La fiabilité fait intervenir le jugement rationnel à partir de table de résultats d'essais: ainsi l'action de détecter une lampe de 20 mm. qui brûle parmi deux autres a une fiabilité de 99,83 %. Une suite d'actions réalisées en série a une fiabilité moindre que chaque action prise séparément, elle est égale au produit des fiabilités respectives. Ainsi l'action de détecter deux fois l'allumage d'une lampe a une fiabilité de 99,66%. Par contre des actions menées en parallèle ont une fiabilité plus grande que les fiabilités respectives, elle est égale à 1-(1-p)². L'action de détecter l'allumage d'une lampe par deux hommes a une fiabilité de 99,9997%.
Cette notion de fiabilité implique qu'aucun individu n'est capable de mener une action qui donne un résultat exact, il y a toujours une erreur. Toutefois cette erreur peut être diminuée par le travail en équipe. Ainsi si un premier individu exécute une tâche avec une fiabilité de 95%, le taux d'erreur est de 5%. Mais si un second individu vérifie ce travail avec une fiabilité de 95%, si le premier corrige ses erreurs avec une fiabilité de 95% et si le second vérifie le travail corrigé avec une fiabilité de 95%, la fiabilité du résultat final est de 99,7%, c'est à dire un taux d'erreur de 0,3% au lieu des 5% initiaux. Pour des individus travaillant avec une fiabilité supérieure le taux d'erreur est indiqué dans le diagramme suivant. On atteint une fiabilité de 99,999% pour certains objets par un contrôle de qualité à toutes les étapes de fabrication.
erreur sur un travail vérifié en fonction de la fiabilité
La même notion de fiabilité s'applique aux relations humaines, mais cette notion est différente de celle du langage courant. Dans le langage courant "fiable" veut dire sûr, homme de confiance, sur lequel on peut compter et cette définition sous-entend qu'il n'y a jamais d'erreur. Nous définirons fiable comme sûr à 95%.Nous utiliserons le terme workmanship pour définir la confiance en la capacité d'un individu de réaliser un travail exact sans vérification. La confiance est de 100% mais est remise en question par des examens ou supprimée suite à une faute.

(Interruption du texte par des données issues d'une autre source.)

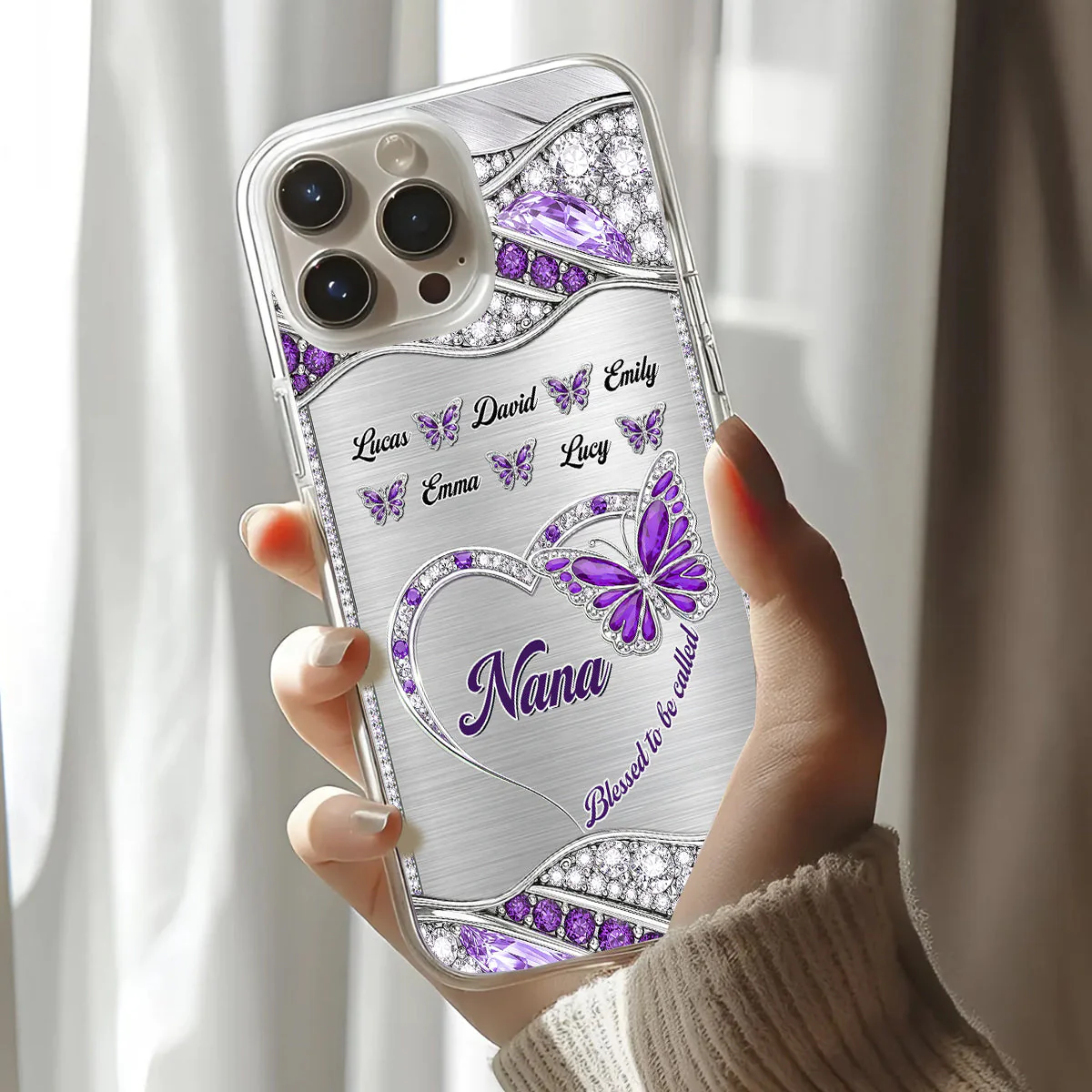 Big Heart Made Of Love And Butterfly - Personalized Silicone Phone Case - Christian Gift For Mom And Grandma BA01 - Image 2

Le workmanship fait intervenir un jugement de valeur. Ainsi un pilote d'avion militaire fait entièrement confiance à son mécanicien de sol pour la préparation de son avion. Un jour le pilote est redescendu de son avion après un vol avec en main la goupille de sécurité du siège éjectable que son mécanicien avait oublié d'enlever. Le mécanicien a remis immédiatement son préavis, car il savait que plus aucun pilote n'aurait confiance en lui, et pourtant il y avait peu de chance qu'il refasse la même faute.